[WHAT IS REQUIRED]
The line containing "Dr. Grandel Beautygen" and every line after it to the end of the records: set those down exactly, without any pictures.

[INPUT]
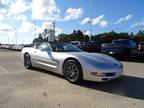 2001 Chevrolet Corvette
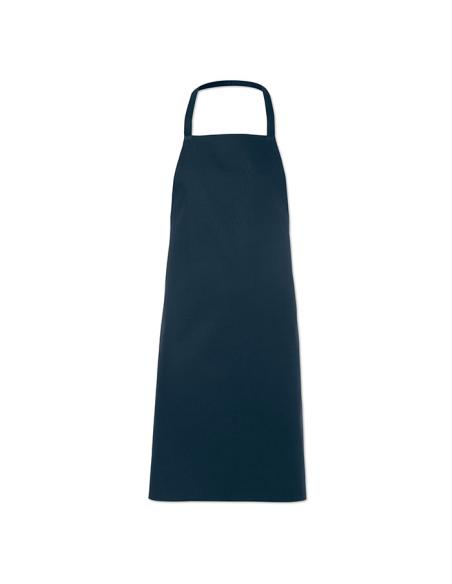 Delantal Koprivnica de algodón 180g/m2 PERSONALIZABLE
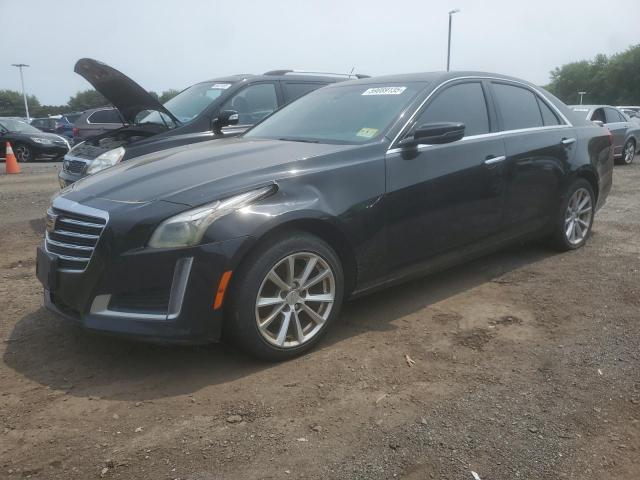  Salvage Cadillac CTS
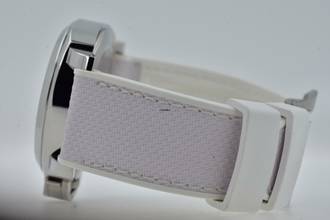 Thumbnail von Panerai Luminor Luna Rossa QuarantaQuattro Luna Rossa PAM 1342 White Dial </h1>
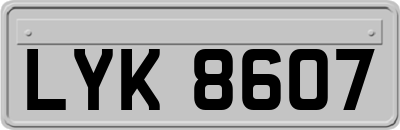 LYK8607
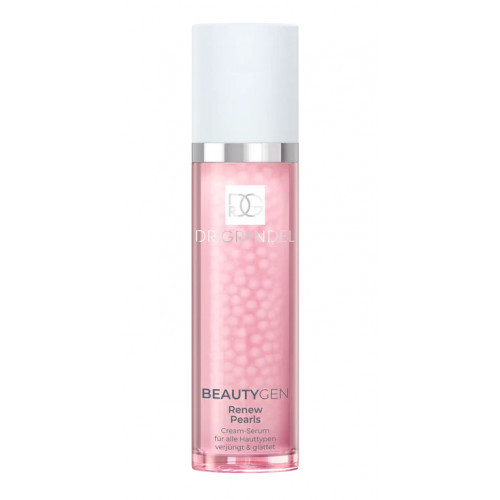 Dr. Grandel Beautygen Renew Pearls Face Cream - Serum 50ml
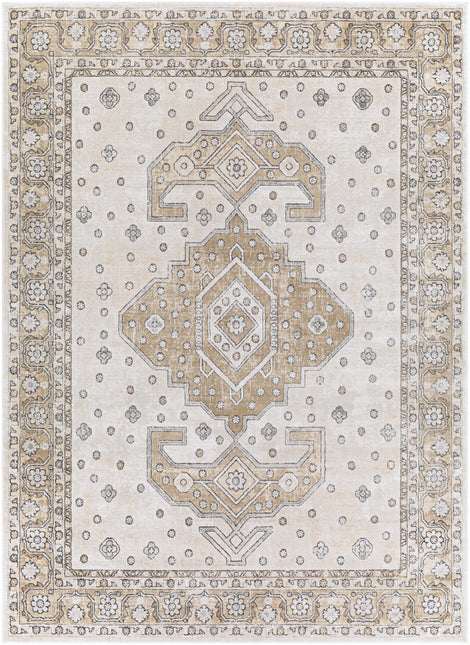 Southwark Area Rug - Clearance Rugs TriadCommerceInc 2' x 2'11" Rectangle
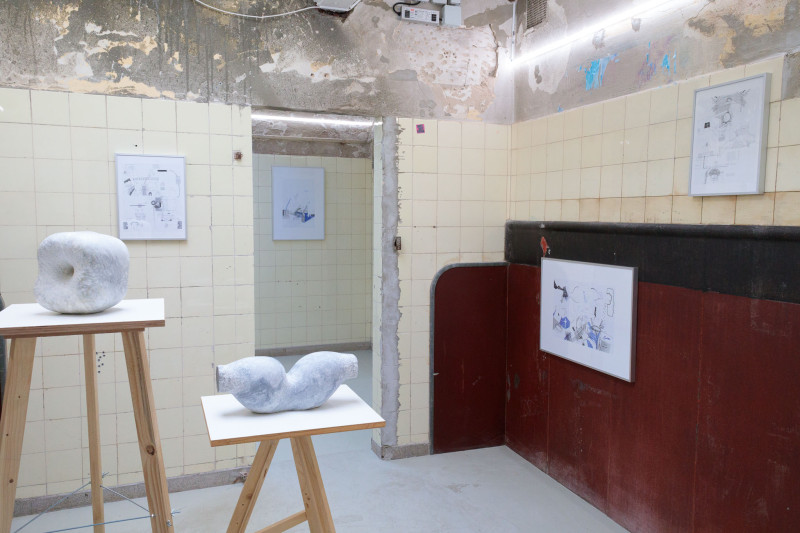 Image for meet me being private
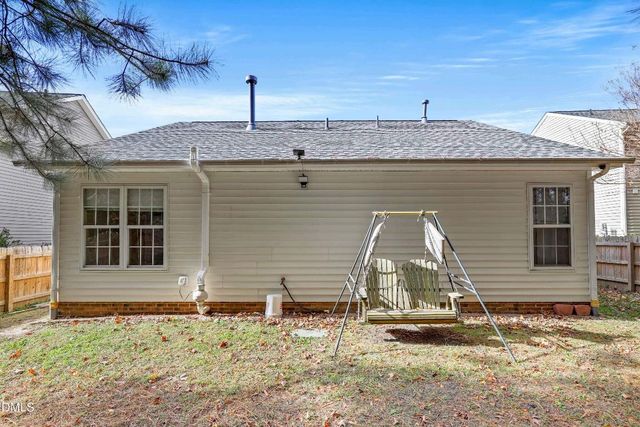 6405 Winding Arch Drive, Durham, NC 27713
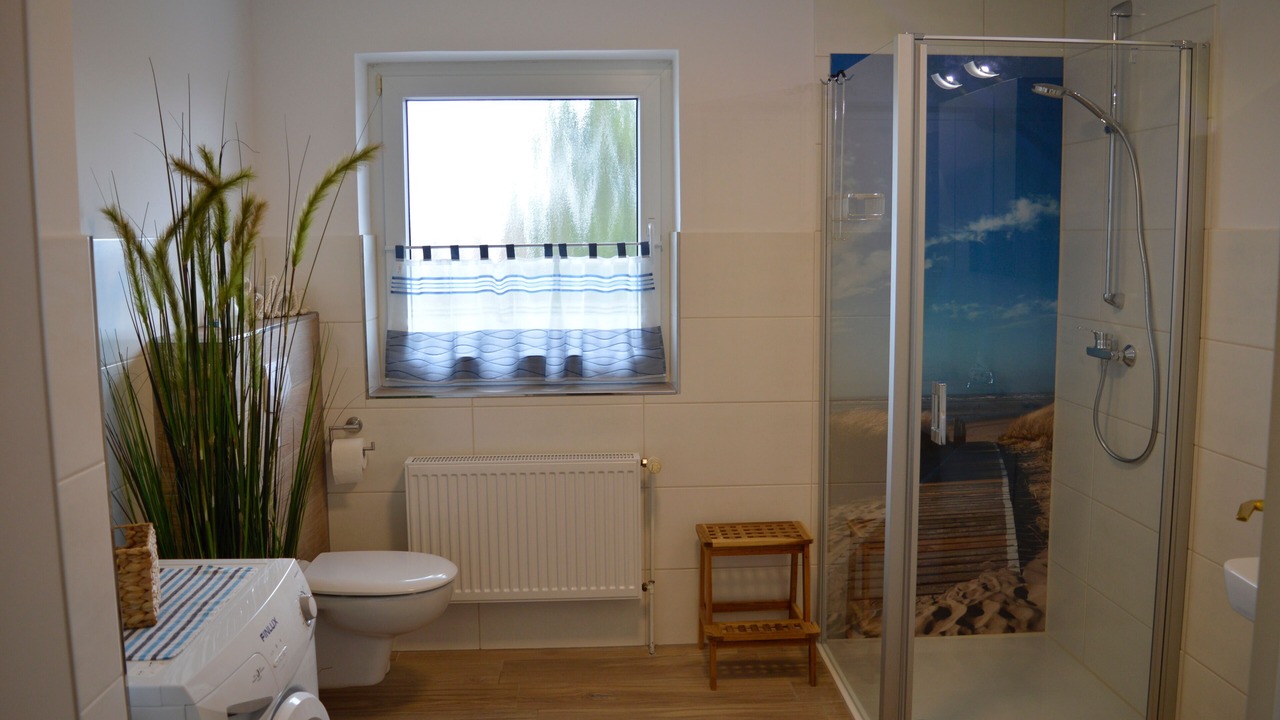 Photo of Bathroom in Petersdorf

[ANSWER FOR THE TASK]
 Dr. Grandel Beautygen Renew Pearls Face Cream - Serum 50ml
 Southwark Area Rug - Clearance Rugs TriadCommerceInc 2' x 2'11" Rectangle
 Image for meet me being private
 6405 Winding Arch Drive, Durham, NC 27713
 Photo of Bathroom in Petersdorf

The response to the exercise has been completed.